A new report shows that a plot of land part of the University of Mississippi Medical Center Campus or UMMC may be the final resting place of some 7000 bodies all buried in coffins. These could be the remains of the former patients of the Mississippi State Lunatic Asylum, the state’s first mental hospital.
The 7000 Bodies Could Find A New Resting Place
According to reports, specialists discovered the remains as they were analyzing some 20 acres of a plot of land. This belongs to the UMMC, who was also looking to use this area to expand its facilities.
The coffins, spread over 20 acres, were discovered thanks to undercover radar tests. According to reports, the estimated cost of exhuming and reburying each of the 7000 bodies could run as high as $21 million.

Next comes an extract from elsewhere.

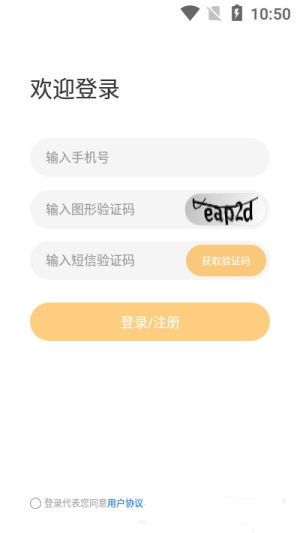 金树丫APP正版免费图片2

So UMMC is reportedly analyzing the benefits of an alternative plan.
This would have the university preserve these remains in-house for an annual cost of about $400,000. Also, the campus would expand, but with a memorial, which would include a visitors center, as well as a laboratory.
The latter could prove of great help in studying the remains as well as any remaining artifacts, such as their clothes, found in the coffins.
“It would make Mississippi a national center on historical records relating to health in the pre-modern period, particularly those being institutionalized,” said Molly Zuckerman.
She is as associate professor part of the Mississippi State and its Department of Anthropology and Middle Eastern cultures.
The discovered remains were determined to be the former patients of the Mississippi Lunatic Asylum. Built in 1855 after many struggles, this was the first mental health hospital in Mississippi. Capable of holding as many as 6,000 in its peak period, the asylum was relocated to Whitfield in 1935.
Back in 2013, the UMCC discovered 66 coffins as it was constructing a road on the 164-acre original site. In 2014, underground radars detected some 1,000 coffins. Now, the latest estimates show that there may be up to 7,000 bodies in as many coffins.